I cried when I was 10 and read Where The Red Fern Grows. I defy any child to read that and not lose it. It’s almost cheating, in a way.
We had a lecture on King Lear today, and I can absolutely see how that would move somebody to tears. Interestingly, when they found John Keats’ copy of Shakespeare, the two plays that were annotated the most were Lear and Midsummer. Lear was supposedly his favorite.
He also introduced Keats by reading us a poem that he said was by someone “our age” and then I realized his was right. Many of his best poems were written when he was 21 or 22 years old. Makes me feel like I’ve wasted quite a bit of time.
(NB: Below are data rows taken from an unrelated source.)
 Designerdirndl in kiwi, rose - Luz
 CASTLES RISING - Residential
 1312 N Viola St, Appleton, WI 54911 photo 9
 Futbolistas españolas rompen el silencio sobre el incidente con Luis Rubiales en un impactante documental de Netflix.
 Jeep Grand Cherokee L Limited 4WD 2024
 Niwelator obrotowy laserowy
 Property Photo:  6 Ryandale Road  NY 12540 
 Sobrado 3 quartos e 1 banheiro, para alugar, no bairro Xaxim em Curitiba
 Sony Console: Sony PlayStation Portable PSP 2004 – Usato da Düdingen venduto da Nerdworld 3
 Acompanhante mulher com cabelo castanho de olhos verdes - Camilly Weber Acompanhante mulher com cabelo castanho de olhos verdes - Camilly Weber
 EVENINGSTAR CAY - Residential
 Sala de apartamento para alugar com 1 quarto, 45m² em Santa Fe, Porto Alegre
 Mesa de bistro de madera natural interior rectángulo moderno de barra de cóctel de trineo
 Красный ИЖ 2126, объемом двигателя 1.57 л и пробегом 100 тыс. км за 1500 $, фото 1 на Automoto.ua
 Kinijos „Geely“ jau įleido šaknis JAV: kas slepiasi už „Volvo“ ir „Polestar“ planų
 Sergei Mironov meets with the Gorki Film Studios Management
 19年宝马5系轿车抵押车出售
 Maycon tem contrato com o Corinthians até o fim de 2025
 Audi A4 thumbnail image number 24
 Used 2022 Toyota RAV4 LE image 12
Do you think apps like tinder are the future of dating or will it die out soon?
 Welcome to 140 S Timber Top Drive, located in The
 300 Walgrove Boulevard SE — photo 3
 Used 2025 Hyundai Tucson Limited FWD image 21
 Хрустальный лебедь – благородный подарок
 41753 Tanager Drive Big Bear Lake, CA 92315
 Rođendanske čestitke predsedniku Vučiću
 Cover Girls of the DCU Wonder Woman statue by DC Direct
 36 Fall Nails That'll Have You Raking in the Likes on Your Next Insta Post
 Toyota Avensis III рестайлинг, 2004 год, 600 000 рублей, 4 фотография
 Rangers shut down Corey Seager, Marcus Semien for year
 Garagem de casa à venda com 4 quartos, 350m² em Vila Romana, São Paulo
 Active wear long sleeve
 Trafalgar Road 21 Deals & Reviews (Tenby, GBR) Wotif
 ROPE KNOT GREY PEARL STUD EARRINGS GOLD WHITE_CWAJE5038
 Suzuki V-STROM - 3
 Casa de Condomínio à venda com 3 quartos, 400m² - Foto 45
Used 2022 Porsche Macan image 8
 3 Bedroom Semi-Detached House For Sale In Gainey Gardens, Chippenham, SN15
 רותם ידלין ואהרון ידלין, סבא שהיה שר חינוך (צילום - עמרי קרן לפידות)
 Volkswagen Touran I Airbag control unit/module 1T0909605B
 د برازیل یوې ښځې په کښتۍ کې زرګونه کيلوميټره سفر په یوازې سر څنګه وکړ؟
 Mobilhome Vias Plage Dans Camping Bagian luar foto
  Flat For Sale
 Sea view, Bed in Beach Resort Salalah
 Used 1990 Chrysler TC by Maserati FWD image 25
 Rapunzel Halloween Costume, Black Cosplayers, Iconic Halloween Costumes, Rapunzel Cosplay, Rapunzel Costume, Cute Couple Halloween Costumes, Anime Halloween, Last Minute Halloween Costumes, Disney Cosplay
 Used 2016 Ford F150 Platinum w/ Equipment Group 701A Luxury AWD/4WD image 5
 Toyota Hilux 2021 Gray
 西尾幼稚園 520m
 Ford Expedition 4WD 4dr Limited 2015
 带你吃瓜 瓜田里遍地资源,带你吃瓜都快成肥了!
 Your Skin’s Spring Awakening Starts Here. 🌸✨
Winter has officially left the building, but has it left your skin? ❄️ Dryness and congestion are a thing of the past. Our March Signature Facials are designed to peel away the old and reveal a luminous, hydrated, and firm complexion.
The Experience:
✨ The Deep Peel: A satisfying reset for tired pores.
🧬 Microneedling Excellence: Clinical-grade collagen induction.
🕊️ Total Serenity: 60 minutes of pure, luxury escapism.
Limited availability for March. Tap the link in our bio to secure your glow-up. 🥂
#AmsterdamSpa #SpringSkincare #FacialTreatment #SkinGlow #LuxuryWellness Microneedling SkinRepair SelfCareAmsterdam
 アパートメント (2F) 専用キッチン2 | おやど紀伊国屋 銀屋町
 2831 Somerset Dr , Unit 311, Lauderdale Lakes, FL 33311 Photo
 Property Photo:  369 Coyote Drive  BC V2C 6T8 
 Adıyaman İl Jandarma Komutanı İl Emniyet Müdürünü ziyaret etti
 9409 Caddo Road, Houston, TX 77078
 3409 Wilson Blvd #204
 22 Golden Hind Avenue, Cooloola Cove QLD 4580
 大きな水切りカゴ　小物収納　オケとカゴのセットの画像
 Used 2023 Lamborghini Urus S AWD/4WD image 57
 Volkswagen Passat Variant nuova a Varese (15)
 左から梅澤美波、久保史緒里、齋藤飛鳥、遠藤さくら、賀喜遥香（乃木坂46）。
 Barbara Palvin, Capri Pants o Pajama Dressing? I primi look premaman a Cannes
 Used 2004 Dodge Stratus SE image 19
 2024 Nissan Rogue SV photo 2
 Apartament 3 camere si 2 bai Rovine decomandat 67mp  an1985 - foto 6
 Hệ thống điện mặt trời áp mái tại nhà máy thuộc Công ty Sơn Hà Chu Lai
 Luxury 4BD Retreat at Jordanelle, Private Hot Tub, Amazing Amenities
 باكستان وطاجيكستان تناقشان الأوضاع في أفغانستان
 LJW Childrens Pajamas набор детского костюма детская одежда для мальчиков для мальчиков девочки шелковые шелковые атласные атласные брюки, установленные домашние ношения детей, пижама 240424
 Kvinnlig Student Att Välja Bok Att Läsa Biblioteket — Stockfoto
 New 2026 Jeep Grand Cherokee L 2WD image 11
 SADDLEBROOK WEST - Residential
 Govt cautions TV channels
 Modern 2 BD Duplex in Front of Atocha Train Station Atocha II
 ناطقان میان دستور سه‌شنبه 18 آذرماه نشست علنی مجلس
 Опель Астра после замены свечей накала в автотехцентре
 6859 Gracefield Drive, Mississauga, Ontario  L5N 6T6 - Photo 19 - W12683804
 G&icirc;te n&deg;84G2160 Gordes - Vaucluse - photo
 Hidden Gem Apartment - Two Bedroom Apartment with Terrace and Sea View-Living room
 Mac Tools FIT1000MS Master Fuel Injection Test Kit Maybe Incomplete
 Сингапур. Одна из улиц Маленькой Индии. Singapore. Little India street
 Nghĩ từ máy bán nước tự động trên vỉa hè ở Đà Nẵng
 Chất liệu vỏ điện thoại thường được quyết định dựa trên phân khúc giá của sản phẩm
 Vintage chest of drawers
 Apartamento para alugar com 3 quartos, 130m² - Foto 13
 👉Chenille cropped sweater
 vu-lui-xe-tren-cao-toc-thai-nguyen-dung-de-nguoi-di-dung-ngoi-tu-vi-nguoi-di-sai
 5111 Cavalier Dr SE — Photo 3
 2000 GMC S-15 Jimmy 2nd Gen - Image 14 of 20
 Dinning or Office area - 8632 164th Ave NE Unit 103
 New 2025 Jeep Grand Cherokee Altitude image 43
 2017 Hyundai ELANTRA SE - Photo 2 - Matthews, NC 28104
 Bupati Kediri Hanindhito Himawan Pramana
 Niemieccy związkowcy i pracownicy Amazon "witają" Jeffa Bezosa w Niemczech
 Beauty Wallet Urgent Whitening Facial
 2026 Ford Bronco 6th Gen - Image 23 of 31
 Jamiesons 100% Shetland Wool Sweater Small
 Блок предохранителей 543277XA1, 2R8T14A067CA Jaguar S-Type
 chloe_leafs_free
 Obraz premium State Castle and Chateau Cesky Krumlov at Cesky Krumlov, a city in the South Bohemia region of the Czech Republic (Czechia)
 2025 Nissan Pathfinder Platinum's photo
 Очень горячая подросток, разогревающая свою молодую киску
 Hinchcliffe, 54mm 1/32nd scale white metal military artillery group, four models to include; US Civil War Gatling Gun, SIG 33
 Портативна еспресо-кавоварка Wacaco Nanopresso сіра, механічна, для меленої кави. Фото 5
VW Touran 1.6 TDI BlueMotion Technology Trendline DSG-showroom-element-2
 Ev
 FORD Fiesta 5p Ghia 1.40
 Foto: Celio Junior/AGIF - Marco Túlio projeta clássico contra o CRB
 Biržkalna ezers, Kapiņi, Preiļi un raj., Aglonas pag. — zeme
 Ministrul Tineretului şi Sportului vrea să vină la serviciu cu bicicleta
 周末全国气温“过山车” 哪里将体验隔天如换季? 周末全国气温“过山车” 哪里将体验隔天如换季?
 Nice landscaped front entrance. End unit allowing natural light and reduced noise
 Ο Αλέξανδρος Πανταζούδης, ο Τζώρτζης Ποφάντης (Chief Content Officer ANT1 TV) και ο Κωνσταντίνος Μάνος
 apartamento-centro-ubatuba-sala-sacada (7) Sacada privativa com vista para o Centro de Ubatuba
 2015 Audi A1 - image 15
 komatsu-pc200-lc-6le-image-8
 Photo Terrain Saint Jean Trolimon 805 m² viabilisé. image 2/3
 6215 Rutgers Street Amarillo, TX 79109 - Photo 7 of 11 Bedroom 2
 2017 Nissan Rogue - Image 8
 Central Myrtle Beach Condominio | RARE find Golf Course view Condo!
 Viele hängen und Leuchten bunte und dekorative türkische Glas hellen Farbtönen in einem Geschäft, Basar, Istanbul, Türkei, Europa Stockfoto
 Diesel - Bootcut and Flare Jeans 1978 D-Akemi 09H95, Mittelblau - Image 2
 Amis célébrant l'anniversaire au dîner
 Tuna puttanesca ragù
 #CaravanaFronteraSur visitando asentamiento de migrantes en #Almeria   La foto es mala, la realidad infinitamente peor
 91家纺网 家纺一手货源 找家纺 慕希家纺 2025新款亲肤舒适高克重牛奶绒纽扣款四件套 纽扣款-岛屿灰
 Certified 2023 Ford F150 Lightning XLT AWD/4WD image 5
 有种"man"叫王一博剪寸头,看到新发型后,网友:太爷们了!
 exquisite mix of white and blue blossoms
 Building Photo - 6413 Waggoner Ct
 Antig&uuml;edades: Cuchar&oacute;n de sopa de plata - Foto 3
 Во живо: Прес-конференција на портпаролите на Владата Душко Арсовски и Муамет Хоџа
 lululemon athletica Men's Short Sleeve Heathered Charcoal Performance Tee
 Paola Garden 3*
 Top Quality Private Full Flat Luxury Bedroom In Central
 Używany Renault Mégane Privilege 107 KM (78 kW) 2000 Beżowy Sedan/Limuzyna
I feel differently about a movie if it moved me to tears. Even if I didn’t like the movie as a whole, if it made me cry at some point (usually at the end, but not always) I judge it a more worthy movie than I would have otherwise. I think sometimes we cry out of recognition of something deep inside of us that the painting/book/movie/music has touched upon, and the recognition is stunning.
I was warned in advance about Where the Red Fern Grows and it still tore me up inside. From what I recall, I felt despair more than anything else. I felt the author was being cruel to me. Then when I thought about it, I definitely felt manipulated. The television show “Lost” is pretty manipulative in a similar way, but it still works on me.